Brief ->
Going line by line through the listing, how many lines hold "Escape"? State nothing but the number.

Listed records ->
....

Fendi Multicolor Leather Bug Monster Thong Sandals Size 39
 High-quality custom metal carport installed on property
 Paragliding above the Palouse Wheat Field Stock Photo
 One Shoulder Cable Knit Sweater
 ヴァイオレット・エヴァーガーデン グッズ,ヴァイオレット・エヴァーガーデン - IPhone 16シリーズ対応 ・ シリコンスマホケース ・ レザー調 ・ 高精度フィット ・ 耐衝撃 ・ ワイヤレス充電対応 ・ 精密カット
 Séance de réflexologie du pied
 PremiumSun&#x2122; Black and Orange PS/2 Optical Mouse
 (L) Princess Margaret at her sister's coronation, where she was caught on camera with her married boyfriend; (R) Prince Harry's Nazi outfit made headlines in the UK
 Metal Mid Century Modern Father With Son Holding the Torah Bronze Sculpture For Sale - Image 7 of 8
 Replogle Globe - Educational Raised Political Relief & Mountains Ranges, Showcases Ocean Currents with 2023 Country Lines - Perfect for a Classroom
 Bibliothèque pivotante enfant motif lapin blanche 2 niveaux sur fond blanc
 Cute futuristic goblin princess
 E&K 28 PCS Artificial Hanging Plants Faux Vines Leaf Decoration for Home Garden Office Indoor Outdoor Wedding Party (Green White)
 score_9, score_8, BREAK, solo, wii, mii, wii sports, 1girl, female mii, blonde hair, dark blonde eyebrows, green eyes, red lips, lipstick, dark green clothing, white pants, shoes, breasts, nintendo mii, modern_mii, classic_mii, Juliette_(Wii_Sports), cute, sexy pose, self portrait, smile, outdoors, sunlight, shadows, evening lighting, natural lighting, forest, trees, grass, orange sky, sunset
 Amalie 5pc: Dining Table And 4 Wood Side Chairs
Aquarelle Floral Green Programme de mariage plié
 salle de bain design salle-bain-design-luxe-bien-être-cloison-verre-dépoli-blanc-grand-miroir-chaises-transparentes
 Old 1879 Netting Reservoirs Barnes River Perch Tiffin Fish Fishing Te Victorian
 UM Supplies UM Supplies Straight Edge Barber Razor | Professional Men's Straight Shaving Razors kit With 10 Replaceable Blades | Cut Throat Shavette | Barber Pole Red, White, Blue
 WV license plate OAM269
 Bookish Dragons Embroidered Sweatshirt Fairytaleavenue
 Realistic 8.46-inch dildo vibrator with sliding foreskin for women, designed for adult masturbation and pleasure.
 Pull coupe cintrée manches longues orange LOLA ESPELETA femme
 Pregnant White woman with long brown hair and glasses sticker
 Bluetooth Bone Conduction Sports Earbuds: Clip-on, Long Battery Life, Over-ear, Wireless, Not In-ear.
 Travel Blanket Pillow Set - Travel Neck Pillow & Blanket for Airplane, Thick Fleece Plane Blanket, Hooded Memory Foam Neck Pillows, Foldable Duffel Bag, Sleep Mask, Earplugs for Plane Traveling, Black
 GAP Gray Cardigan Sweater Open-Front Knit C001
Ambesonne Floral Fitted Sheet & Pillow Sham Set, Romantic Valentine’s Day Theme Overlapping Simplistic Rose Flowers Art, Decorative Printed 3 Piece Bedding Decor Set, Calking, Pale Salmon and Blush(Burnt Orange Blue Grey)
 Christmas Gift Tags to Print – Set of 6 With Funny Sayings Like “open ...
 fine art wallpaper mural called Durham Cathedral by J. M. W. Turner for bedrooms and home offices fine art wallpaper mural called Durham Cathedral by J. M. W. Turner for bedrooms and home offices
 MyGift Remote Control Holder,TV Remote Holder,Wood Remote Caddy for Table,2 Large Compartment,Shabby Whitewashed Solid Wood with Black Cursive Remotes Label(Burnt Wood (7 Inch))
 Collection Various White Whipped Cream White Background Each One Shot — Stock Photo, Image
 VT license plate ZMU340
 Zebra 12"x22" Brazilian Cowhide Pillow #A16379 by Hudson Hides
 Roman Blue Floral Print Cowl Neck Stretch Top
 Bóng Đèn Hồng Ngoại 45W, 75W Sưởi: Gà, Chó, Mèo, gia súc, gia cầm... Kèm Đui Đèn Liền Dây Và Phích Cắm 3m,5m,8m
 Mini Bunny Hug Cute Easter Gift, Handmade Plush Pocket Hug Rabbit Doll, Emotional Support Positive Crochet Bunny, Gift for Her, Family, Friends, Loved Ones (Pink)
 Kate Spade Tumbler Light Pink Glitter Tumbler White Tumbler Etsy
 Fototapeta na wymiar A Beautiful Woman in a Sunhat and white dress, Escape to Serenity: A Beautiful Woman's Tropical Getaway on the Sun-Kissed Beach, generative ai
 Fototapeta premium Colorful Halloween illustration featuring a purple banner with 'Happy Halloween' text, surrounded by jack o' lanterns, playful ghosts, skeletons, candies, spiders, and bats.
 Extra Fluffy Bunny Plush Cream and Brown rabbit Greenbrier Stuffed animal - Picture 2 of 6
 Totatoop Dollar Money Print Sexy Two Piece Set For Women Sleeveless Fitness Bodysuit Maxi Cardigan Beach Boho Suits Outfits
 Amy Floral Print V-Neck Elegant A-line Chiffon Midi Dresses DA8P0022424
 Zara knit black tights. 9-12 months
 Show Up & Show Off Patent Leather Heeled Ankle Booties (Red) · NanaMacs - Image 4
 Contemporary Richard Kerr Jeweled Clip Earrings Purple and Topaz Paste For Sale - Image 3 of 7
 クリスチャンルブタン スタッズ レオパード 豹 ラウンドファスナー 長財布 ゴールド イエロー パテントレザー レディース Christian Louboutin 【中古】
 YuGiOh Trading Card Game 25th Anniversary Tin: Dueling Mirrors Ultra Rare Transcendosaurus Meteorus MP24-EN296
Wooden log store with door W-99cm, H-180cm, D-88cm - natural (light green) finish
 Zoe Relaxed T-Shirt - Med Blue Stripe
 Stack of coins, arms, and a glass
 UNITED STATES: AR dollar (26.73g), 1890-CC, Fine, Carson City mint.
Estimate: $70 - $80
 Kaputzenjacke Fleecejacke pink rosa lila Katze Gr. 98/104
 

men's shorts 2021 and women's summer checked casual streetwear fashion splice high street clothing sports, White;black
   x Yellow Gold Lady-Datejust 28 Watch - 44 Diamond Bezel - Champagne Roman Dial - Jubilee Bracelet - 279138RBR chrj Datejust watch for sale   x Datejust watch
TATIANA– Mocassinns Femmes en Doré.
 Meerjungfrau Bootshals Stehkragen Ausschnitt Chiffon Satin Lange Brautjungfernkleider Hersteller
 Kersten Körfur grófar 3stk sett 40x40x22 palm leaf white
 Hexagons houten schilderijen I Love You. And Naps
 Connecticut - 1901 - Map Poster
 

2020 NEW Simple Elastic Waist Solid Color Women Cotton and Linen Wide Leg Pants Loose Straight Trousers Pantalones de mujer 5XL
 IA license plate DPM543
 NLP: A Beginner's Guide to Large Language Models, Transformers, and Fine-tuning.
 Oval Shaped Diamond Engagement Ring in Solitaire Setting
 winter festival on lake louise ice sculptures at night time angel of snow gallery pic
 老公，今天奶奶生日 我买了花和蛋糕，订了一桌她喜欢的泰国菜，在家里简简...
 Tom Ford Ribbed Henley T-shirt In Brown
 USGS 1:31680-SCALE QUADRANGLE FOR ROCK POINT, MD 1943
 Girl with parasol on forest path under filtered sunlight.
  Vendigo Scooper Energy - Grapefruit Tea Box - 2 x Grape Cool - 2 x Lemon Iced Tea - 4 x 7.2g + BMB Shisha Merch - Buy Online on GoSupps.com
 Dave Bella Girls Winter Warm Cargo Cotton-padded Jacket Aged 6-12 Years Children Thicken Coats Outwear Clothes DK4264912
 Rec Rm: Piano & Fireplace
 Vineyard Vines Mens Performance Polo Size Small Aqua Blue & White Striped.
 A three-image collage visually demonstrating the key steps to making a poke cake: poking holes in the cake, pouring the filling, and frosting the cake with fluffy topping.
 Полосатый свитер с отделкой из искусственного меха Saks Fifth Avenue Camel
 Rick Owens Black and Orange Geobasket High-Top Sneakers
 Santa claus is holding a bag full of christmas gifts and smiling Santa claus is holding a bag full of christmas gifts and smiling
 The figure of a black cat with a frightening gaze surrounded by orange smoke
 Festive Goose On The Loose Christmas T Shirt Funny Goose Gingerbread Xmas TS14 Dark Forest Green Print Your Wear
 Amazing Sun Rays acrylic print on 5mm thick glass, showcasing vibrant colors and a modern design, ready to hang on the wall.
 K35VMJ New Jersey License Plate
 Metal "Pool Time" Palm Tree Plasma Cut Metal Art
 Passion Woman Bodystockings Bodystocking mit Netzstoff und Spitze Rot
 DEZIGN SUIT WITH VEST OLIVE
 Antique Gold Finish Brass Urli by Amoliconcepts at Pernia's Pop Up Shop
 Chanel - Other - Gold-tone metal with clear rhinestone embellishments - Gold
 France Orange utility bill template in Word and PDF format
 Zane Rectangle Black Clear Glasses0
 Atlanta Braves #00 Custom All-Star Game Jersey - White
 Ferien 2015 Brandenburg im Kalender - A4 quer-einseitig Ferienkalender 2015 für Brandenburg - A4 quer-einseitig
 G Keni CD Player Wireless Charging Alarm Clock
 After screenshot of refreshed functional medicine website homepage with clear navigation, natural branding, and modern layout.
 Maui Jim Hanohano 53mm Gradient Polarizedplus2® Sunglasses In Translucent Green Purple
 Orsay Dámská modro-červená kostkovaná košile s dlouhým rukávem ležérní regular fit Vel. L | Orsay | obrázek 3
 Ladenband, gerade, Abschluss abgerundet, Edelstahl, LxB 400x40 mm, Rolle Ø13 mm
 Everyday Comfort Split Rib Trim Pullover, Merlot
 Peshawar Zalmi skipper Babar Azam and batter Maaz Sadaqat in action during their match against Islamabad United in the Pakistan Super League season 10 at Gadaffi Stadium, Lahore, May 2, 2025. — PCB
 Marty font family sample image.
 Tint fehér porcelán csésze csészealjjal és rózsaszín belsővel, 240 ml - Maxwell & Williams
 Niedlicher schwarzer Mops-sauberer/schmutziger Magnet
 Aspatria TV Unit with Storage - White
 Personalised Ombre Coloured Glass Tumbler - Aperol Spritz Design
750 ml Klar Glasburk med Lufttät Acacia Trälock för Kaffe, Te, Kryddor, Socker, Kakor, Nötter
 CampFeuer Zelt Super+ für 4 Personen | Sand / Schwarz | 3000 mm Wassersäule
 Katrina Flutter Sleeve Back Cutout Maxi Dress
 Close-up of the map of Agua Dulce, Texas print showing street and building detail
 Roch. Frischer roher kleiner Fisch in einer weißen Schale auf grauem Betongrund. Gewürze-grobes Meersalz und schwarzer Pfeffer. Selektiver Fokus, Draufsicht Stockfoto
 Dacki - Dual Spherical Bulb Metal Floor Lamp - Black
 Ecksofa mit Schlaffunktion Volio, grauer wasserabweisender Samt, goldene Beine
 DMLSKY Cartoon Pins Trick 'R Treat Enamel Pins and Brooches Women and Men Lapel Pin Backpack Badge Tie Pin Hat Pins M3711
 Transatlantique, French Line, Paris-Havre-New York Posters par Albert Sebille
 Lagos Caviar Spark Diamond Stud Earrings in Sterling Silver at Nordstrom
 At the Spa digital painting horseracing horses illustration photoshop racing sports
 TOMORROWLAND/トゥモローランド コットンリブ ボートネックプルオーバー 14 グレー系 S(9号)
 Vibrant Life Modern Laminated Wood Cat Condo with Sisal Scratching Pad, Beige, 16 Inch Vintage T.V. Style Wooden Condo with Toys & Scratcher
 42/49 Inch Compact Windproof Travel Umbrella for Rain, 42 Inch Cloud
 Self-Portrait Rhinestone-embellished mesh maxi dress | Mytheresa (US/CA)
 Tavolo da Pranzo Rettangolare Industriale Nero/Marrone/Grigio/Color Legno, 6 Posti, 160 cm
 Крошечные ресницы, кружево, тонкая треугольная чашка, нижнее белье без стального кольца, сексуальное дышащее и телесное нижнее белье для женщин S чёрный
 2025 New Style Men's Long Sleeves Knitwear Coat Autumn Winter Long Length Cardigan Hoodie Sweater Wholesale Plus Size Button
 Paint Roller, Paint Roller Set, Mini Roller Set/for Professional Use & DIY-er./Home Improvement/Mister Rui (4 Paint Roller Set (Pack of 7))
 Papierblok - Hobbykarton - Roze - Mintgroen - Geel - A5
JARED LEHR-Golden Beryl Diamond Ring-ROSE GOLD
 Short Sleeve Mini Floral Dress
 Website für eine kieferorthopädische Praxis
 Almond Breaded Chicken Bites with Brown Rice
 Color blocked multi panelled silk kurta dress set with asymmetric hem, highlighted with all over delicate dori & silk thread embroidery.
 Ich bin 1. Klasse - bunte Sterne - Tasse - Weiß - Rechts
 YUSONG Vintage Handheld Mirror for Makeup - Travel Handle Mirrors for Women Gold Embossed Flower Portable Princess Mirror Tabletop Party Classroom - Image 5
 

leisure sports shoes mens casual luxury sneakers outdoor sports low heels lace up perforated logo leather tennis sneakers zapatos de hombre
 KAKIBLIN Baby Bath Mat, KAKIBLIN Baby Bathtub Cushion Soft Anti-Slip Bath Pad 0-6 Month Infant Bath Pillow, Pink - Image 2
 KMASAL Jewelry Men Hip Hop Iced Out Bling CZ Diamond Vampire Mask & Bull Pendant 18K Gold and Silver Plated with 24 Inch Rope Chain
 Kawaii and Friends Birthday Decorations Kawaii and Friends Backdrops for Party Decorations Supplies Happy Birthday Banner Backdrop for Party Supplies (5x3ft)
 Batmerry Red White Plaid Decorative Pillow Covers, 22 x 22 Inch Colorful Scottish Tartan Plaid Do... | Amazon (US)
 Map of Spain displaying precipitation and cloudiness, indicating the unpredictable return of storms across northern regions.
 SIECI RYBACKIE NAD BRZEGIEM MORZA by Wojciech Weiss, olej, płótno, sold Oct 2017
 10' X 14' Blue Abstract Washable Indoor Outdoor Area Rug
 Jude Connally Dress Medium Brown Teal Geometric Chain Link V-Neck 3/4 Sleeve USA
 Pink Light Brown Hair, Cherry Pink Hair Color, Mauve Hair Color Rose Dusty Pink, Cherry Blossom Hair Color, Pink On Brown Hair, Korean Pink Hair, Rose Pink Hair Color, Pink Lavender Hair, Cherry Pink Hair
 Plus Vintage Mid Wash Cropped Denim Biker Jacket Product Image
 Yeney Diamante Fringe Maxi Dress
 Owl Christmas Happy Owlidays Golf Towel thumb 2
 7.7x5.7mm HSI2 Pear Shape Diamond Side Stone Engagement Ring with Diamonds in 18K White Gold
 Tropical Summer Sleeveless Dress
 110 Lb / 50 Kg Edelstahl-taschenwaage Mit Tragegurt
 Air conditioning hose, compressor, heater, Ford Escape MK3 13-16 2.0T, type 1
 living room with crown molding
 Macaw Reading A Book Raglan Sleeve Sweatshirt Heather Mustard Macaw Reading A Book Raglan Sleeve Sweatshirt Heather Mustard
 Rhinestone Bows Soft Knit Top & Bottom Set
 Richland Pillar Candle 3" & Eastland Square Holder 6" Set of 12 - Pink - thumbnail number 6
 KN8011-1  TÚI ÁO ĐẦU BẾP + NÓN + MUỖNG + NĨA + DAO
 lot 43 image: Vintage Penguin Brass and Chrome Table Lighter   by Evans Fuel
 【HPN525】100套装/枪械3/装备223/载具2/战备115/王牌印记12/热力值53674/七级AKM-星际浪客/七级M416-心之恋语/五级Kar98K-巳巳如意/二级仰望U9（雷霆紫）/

....

Result of the task ->
2